HealthDay News — An inactivated vaccine for enterovirus 71 (EV71) was safe and effective in children, results of a large phase 3 study indicate.
Overall, vaccine efficacy was 90% (95% CI: 67.1-96.9) for EV71-associated hand, foot and mouth disease and 80% (95% CI: 58.2%-90.8%) against any EV71 disease, Feng-Cai Zhu, MSc, of the Jiangsu Provincial Center for Disease Control and Prevention in Nanjing, China, and colleagues reported in Lancet.
The randomized double-blind placebo-controlled phase 3 trial, examined the safety, efficacy and immunogenicity of the alum-adjuvanted EV71 vaccine in 10,245 participants aged 6 to 35 months. The researchers randomly assigned 4,907 patients to receive the vaccine and 4,939 to receive placebo.
Serious adverse events occurred in 1.2% of children who received the vaccine vs. 1.5% of those who received placebo.
Since the EV71 was first described in the 1960s, there have been numerous outbreaks, accounting for more than 6 million cases and 2,000 fatalities. Hand, foot and mouth disease, consisting of rashes and blisters on the palms and soles and in the mouth, is the most common course of illness.
Some children experience nonspecific symptoms, including mild fever and respiratory infection, whereas others are asymptomatic. EV71 can also cause severe neurologic problems, such as aseptic meningitis and encephalitis.
Zhu and colleagues conducted the phase 3 study after results from earlier phase 1 and 2 studies suggested the vaccine was safe and immunogenic.
Children were enrolled from more than 500 hospitals and clinics. The vaccine, which contained EV71 genotype C4 and an alum adjuvant, was administered on days zero and 28, and children were observed again at months five, eight, 11 and 14 after vaccination. The researchers vaccinated fewer than 40% of children from each village to ensure that herd immunity would not develop. Active surveillance was performed from day 56 through month 14.
Parents were asked to bring any child with signs or symptoms of illness to the clinic promptly to have throat and rectal swabs and a blood tests performed to test for enteroviruses and other pathogens.
A total of 17,038 illnesses occurred in 7,328 children between March 2012 and March 2013. All confirmed EV71 cases were matched with five healthy controls to compare neutralizing antibody titers at day 56.
Among participants who had been administered the vaccine, there were three confirmed cases of EV71 hand, foot and mouth disease, and eight cases of any EV71-associated illness vs. 30 cases of hand, foot and mouth disease (P=0.0001) and 41 cases of EV71-associated illness (P<0.0001) in the placebo group, the researchers found.

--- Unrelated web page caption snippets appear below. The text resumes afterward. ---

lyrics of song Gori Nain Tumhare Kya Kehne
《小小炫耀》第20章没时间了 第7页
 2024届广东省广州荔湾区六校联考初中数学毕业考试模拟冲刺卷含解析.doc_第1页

None of the children in the vaccine group were hospitalized vs. eight children with hand, foot and mouth disease in the placebo group, one of whom also had oral herpes and encephalitis. This findings suggested a vaccine efficacy of 100% (95% CI: 41.6-100) for potentially severe or severe cases, the researchers noted.
The most common injection-site reactions were redness, pain and induration. Diarrhea and fever were the most frequent systemic adverse events, the researchers reported.
A total of two children each in both the vaccine and placebo groups died during the study period of unrelated causes. No deaths or serious adverse events were attributable to the vaccine.
“This exploratory analysis on the correlates of immunity is a substantial step forward; however, more evidence of its validity is needed,” the researchers wrote.
In an accompanying editorial, Nigel Crawford, MD, and Steve Graham, MD of the University of Melbourne in Australia noted the low morbidity and mortality associated with EV71.
Study limitations included testing only for EV71, which may have yielded lower vaccine efficacy if children were coinfected with other pathogens, and lack of baseline screening to exclude seropositive children, who would have already been immune to EV71. Another limitation was ot including children aged 6 months and younger, a population in whom EV71 can be particularly severe.
Crawford and Graham called for more studies to assess the vaccine at birth, and ages 2, 3 and 4 months to determine optimal protection.